* DATA LISTING *
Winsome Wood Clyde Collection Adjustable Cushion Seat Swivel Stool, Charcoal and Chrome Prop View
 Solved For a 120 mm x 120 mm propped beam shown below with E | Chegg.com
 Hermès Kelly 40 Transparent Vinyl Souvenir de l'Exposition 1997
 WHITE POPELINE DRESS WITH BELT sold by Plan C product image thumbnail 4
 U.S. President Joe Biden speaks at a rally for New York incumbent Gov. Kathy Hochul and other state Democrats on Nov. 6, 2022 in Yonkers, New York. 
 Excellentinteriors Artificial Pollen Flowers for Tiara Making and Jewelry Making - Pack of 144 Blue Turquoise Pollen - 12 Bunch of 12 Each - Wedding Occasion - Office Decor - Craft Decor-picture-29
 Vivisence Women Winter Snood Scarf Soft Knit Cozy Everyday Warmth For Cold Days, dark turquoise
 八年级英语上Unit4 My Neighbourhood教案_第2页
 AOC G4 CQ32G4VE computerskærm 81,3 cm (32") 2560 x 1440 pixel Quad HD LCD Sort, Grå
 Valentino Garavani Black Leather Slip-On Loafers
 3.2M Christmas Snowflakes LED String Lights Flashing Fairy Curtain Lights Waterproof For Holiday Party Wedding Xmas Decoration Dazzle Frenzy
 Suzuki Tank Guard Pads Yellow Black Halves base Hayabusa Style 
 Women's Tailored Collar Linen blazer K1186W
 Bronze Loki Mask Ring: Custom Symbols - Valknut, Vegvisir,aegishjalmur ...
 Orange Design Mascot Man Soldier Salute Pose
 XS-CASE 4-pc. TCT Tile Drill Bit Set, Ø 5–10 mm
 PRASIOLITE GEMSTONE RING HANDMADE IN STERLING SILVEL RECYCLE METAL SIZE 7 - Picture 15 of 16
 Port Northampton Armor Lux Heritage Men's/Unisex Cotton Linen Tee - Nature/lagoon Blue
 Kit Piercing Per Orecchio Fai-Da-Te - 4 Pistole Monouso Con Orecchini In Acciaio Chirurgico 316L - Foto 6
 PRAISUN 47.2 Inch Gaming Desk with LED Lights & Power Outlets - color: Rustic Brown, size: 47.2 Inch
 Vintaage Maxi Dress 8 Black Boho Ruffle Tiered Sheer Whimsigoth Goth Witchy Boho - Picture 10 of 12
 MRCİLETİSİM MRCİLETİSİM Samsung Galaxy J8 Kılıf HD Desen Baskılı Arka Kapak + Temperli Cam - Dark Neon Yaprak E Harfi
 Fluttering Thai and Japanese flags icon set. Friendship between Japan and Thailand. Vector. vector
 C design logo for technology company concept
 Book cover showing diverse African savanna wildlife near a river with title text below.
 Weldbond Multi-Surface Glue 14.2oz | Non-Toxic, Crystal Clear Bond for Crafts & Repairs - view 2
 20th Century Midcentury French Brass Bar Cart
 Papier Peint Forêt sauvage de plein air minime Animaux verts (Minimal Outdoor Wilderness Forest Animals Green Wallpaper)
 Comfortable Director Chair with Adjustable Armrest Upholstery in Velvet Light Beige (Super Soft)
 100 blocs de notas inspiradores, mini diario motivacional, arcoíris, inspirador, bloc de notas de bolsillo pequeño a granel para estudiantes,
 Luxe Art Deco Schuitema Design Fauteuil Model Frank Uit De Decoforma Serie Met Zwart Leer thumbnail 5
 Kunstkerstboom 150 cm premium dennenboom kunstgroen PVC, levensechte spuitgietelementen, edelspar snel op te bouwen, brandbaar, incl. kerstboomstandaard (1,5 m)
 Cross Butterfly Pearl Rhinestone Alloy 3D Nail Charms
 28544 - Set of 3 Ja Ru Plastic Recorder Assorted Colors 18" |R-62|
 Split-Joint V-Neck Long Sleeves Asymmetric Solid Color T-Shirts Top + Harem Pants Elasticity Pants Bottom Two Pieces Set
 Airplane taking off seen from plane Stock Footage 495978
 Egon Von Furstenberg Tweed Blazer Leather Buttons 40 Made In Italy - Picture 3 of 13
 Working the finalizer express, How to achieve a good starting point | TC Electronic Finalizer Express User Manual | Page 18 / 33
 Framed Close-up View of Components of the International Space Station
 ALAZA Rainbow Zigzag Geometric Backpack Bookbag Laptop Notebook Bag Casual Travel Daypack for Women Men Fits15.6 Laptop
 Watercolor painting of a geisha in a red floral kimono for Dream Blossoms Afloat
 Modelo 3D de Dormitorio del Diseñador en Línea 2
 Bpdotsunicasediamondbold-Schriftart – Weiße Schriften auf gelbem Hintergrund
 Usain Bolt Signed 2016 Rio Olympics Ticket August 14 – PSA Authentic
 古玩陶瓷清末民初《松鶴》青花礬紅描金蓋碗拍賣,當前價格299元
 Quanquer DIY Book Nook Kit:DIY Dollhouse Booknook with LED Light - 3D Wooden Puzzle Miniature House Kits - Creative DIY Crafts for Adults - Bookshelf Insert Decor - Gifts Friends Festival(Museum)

* ASSIGNMENT *
Starting with the line above that holds "Egon Von Furstenberg" and stopping with the line that holds "ALAZA Rainbow Zigzag", reproduce each line exactly, omitting all other lines.

* EXPECTED OUTPUT *
 Egon Von Furstenberg Tweed Blazer Leather Buttons 40 Made In Italy - Picture 3 of 13
 Working the finalizer express, How to achieve a good starting point | TC Electronic Finalizer Express User Manual | Page 18 / 33
 Framed Close-up View of Components of the International Space Station
 ALAZA Rainbow Zigzag Geometric Backpack Bookbag Laptop Notebook Bag Casual Travel Daypack for Women Men Fits15.6 Laptop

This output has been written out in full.